It is no secret the People’s Republic of China turned towards a more assertive foreign policy in recent years. Chinese President Xi Jinping’s “Major Country Diplomacy” has been essentially driven by the core idea China is to assume a stronger leadership role that is in line with its newfound power in the international community. Among the initiatives put forward by the Chinese government to achieve this goal, the Belt and Road Initiative (BRI) have recently been in the spotlight due to the controversy sparked by the imminent inauguration of the Padma Multipurpose Bridge. The latter, set to open on June 25, is to connect the south-western regions of Bangladesh to the northeast, leading to significant socioeconomic improvements.
The BRI was announced by China in 2013 and was set to incorporate most former Asian historical trade routes, such as the Silk Road, as well as modern ones, like the Maritime Silk Road through the Indo-Pacific Sea. Since its announcement, almost 150 countries have agreed to join the project, which is primarily funded by China itself through agencies like the Asian Investment Infrastructure Bank (AIIB) and the Silk Road Fund. The project is expected to be completed by 2049.
The People’s Republic of Bangladesh has been a signatory country of the BRI since 2019. Due to its geographical position, it has been considered one of the most important contributors to the project’s success. In fact, one of the six corridors which make up the core of the BRI will pass through the country, connecting Kunming to Kolkata via Myanmar and Bangladesh. A considerable amount of development funding has been set aside for Bangladesh, which will soon begin implementing more BRI projects.
Projects for the Padma Bridge were first put forward in the late ‘90s, in pursuit of a faster route connecting Dhaka to the southwest of the country. The construction was initially to be funded by the World Bank along with other donors, but they were forced to back out due to the accusation of corruption of many associates with the plan. At that point, the government of Bangladesh decided to self-fund the project.
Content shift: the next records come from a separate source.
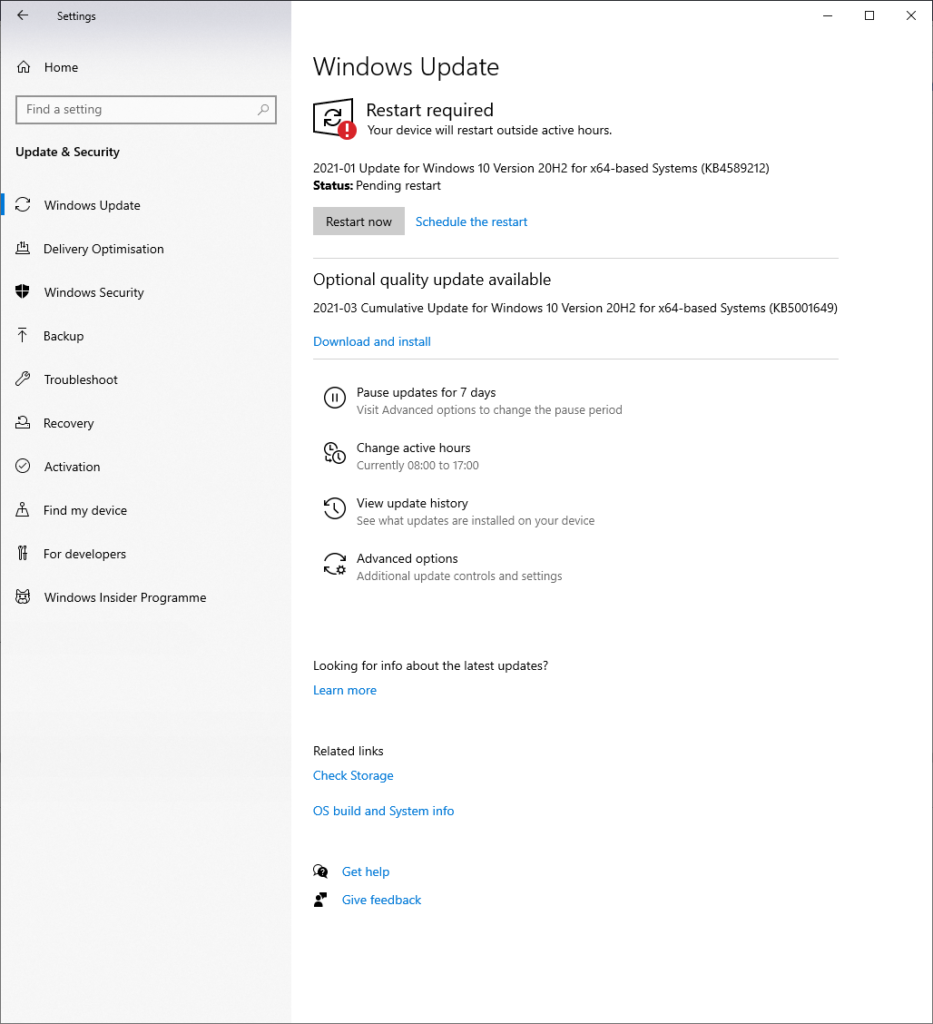 Windows update with an update available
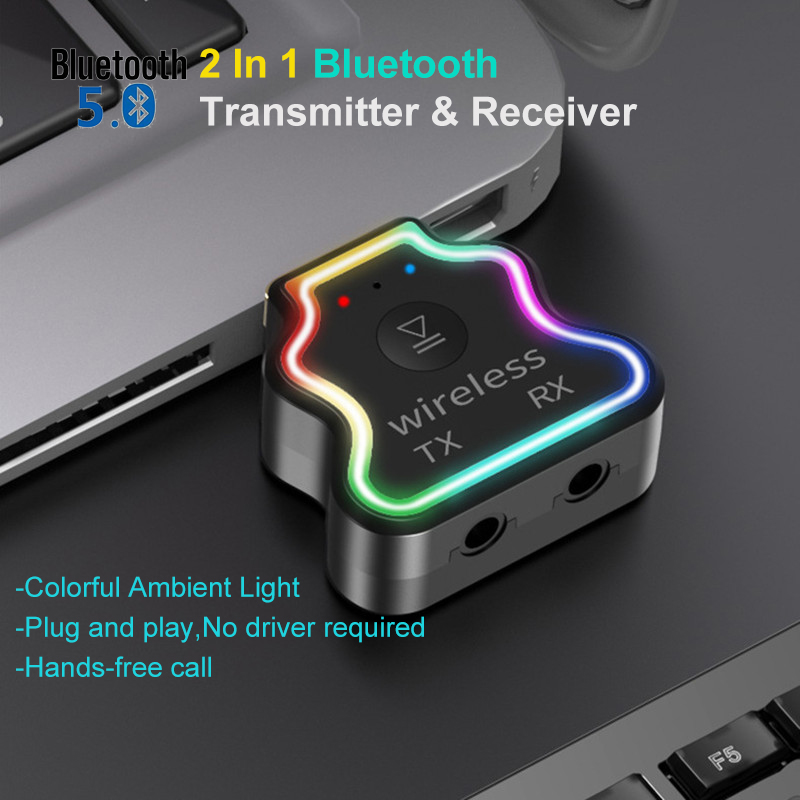 2-In-1 Bluetooth 5.0 Adapter Wireless 3.5mm AUX USB Bluetooth Receiver and Transmitter
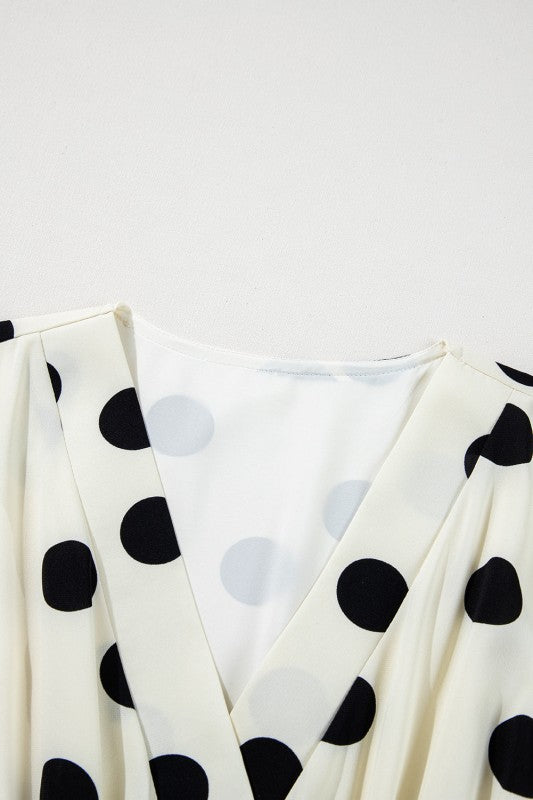 Polka Dot Surplice V-Neck Puff Sleeve Mini Dress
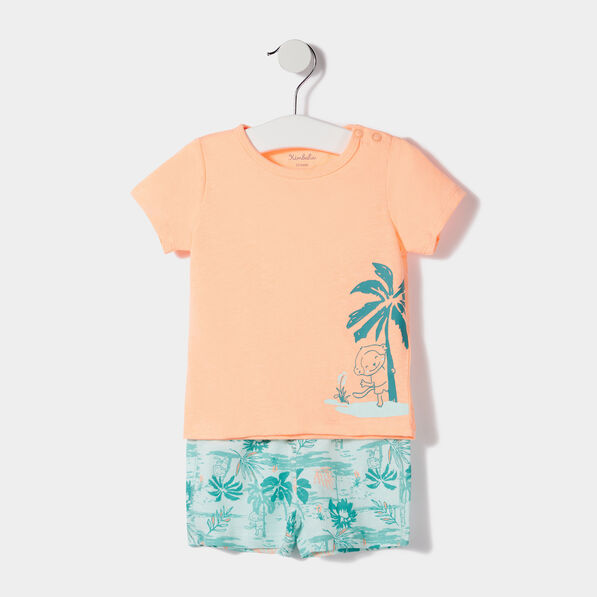 Ensemble 2 pièces Kimbaloo bleu turquoise bébé garçon
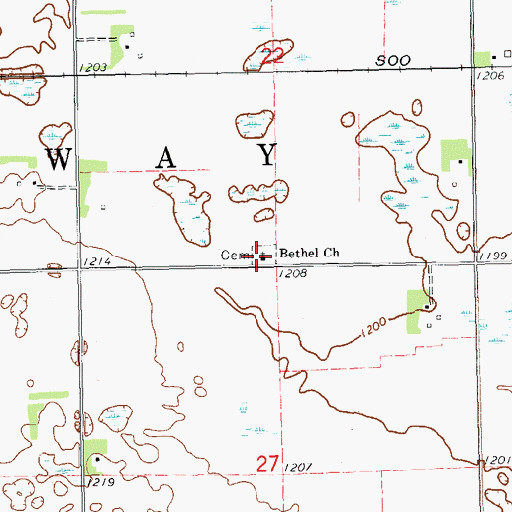 Topographic Map of Bethel Lutheran Cemetery, SD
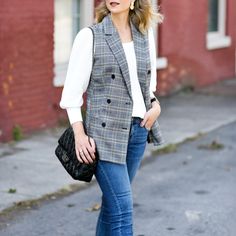 Long Plaid Vest Outfit, Plaid Vest Outfits, Plaid Vest Outfit, Fashion Over 50 Women, Vest Outfit, Plaid Vest, Over 50 Womens Fashion, Pin Stripe, Women Over 50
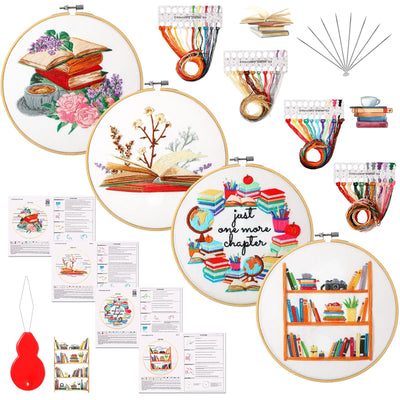 4 Set Embroidery Kit for Beginners Adults Cross Stitch Embroidery Kit for Book Lovers DIY Needlepoint Kit with Book Patterns, Instructions,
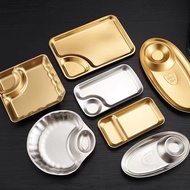 304 Stainless Steel Snack Plate with Dipping Seasoning Grid Dumpling Plate Creative Bar ktv Restaura
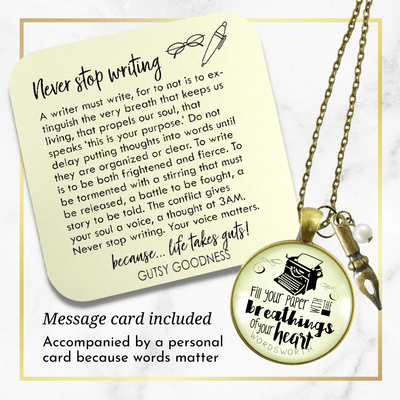 Gutsy Goodness Writing Necklace Fill Your Paper Wordsworth Literary Quote Typewriter - Gutsy Goodness Handmade Jewelry;Fill Your Paper With The Breathings - Gutsy Goodness Handmade Jewelry Gifts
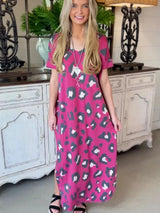 Printed pocket slit V-neck short sleeved long skirt for women - V.I.P Digital Presence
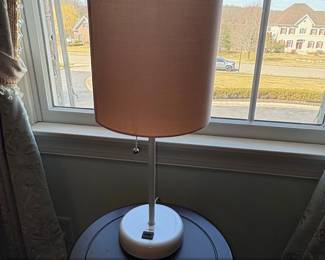 Simple Designs White Stick Lamp with USB Charging Port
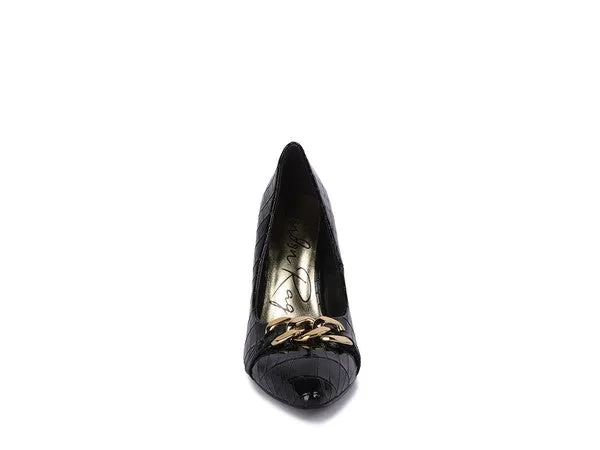 Fanfare Black Croc Stiletto Pump Heels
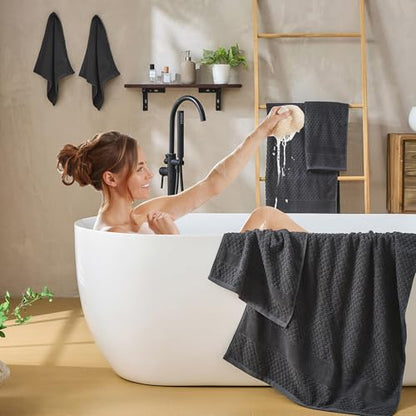 Simple&Opulence 6 Piece Luxury Towel Set, 100% Cotton Bathroom Towels with Hanging Loop (2 Bath Towels, 2 Hand Towels, 2 Washcloths) Stylish, Soft & Absorbent for Home, Hotel, Gym, Spa-Dark Grey - color: Dark Grey-6 Set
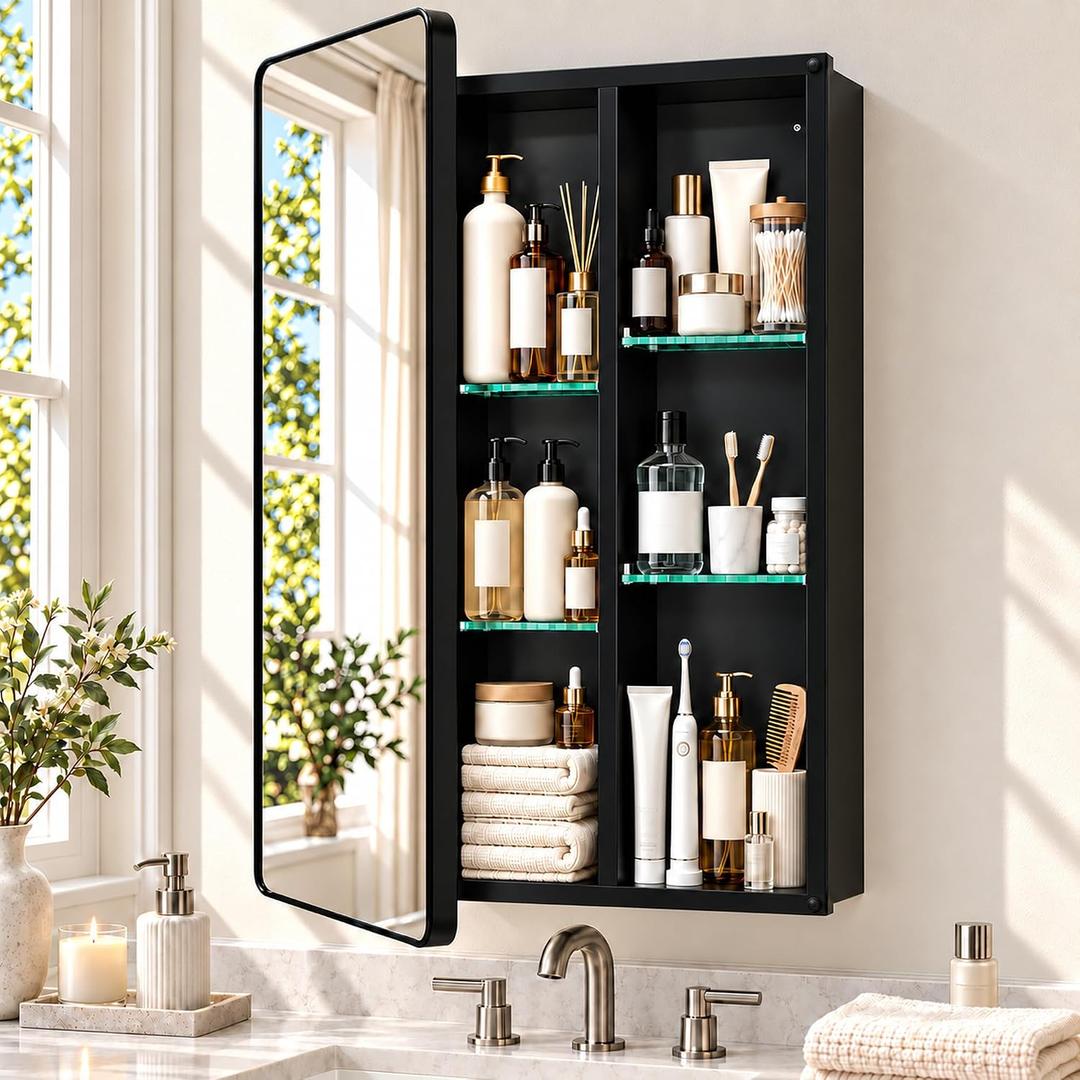 16x25.5 Black Medicine Cabinet with Mirror, Recessed/Surface Mount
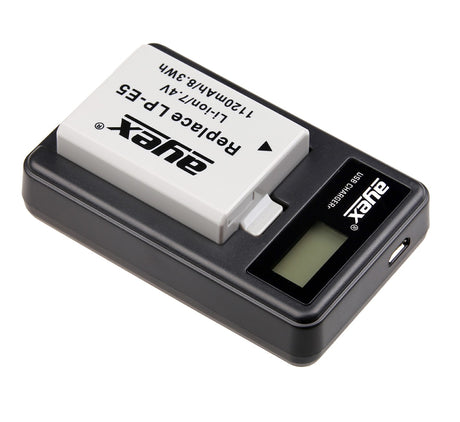 USB Ladegerät für Canon LP-E5 Akkus beleuchtetes Display Ladestandanzeige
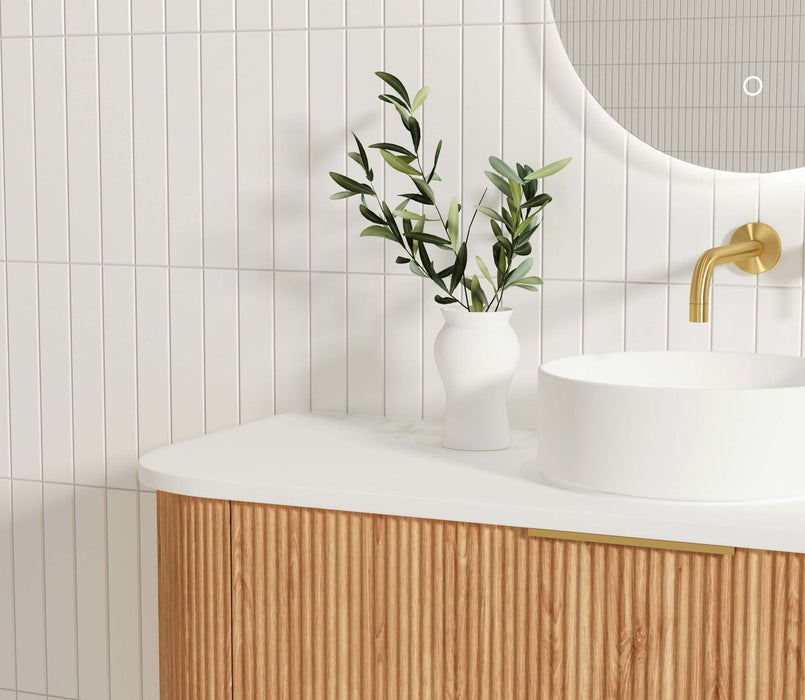 Bondi Fluted 1200mm Wall Hung Curve Vanity Woodland Oak - BOW1200L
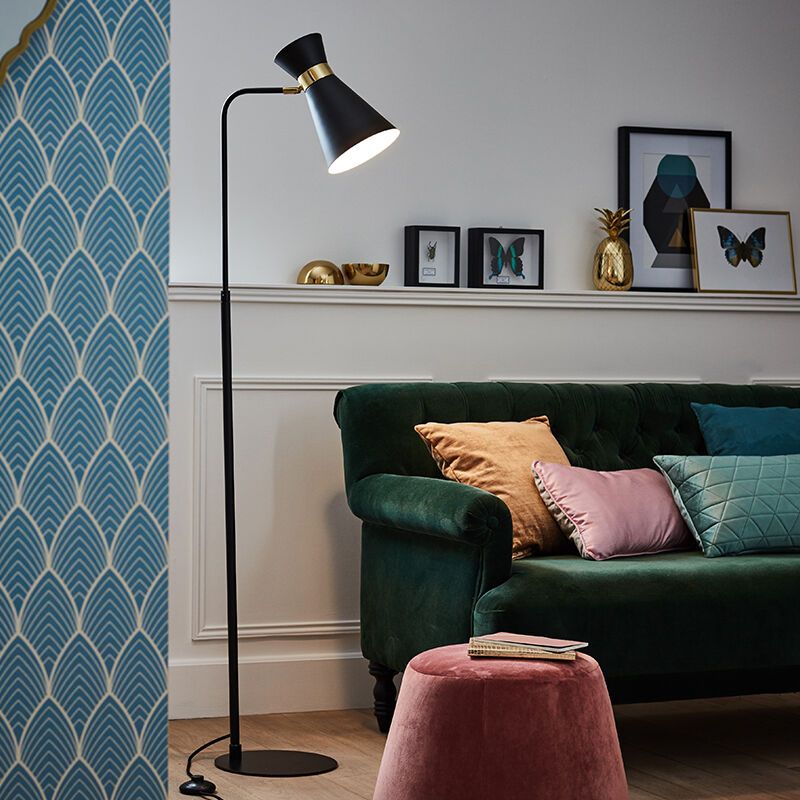 Lampadar negru modern, Albane, con întrerupător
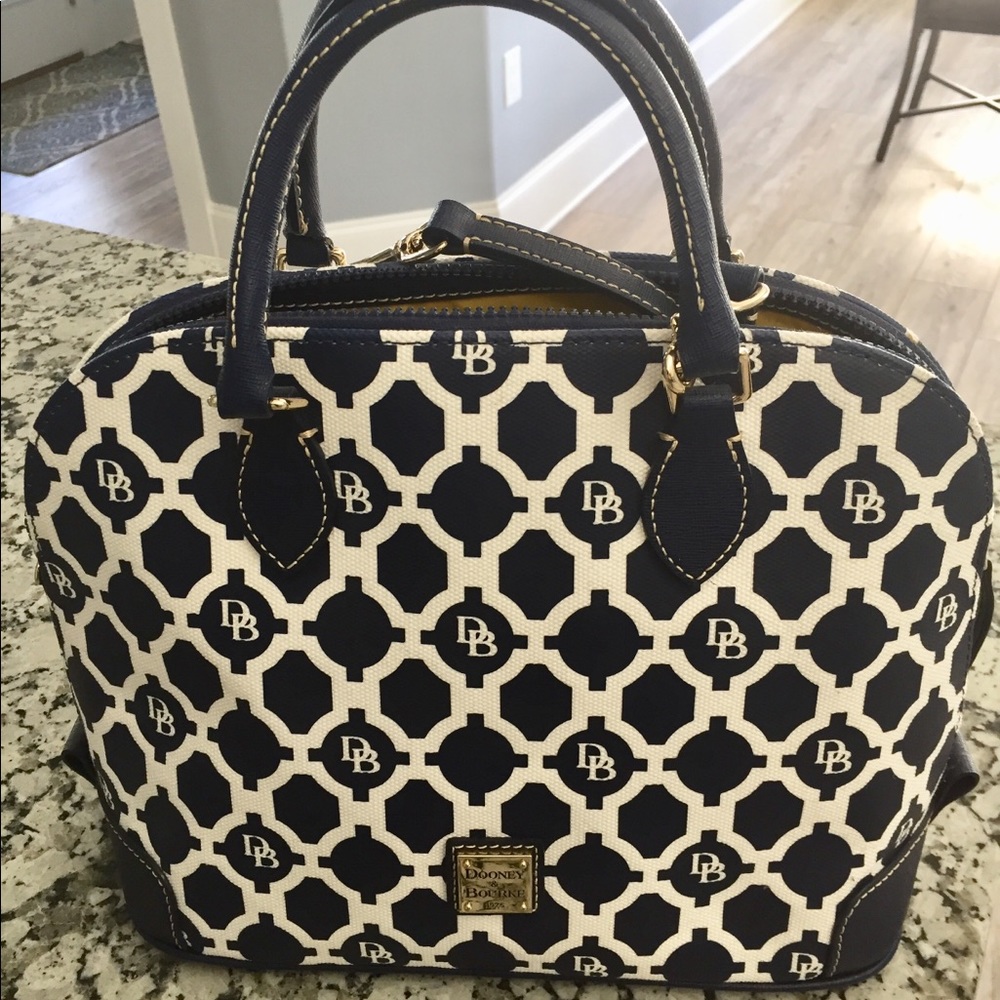 Dooney Sanibel Lattice Zip Satchel Marine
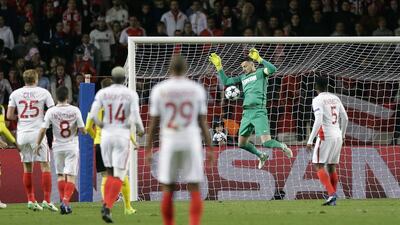 Monaco's goalkeeper Danijel Subasic saves a shot. Claude Paris / AP Photo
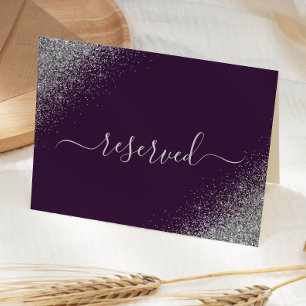 Purple Silver Glitter Reserved Wedding Place Card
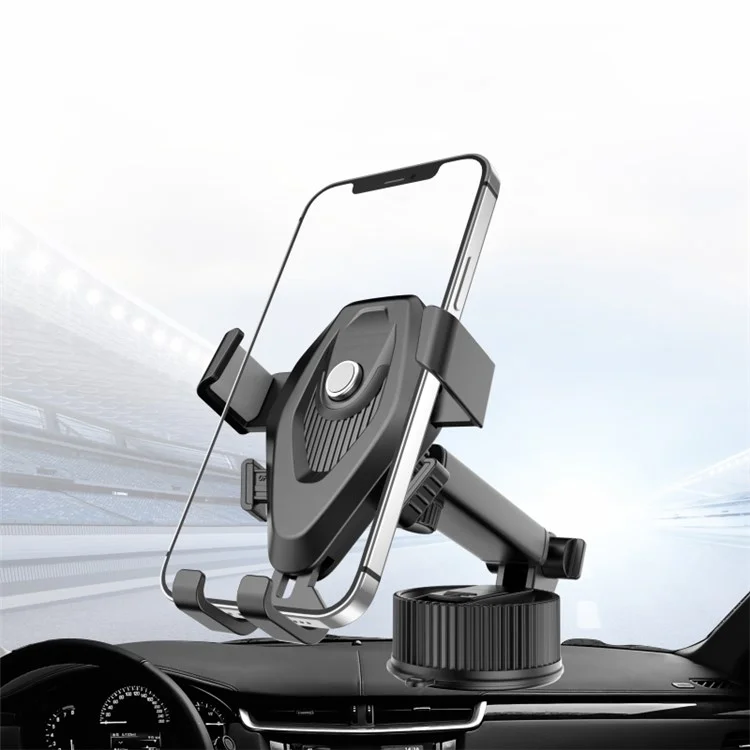 JY-052 Long Arm Suction Cup Phone Mount Car Dashboard Windshield Hands-Free Cell Phone Holder for Smart Devices Between 68mm-95mm Width - Grey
China swiftly intervened to offer some assistance, which was accepted by the country, and construction began.
The controversy was sparked by the response of the Bangladeshi Ministry of Foreign Affairs to China’s allegations that the bridge was part of the BRI. Dhaka refuted this position on account that Chinese participation consisted of minor subcontractors, while the project itself was entirely funded by the nation of Bangladesh. Unlike neighboring countries like Sri Lanka, Bangladesh has been reluctant to undertake all projects proposed under the BRI, thus leading to frequent clashes with China. As a country that is heavily affected by climate change, Bangladesh insists on the importance of sustainability of national development projects, a threshold that is not always met by China. It will be the responsibility of the countries to shape peaceful reciprocal relations in respect of the needs of both sides.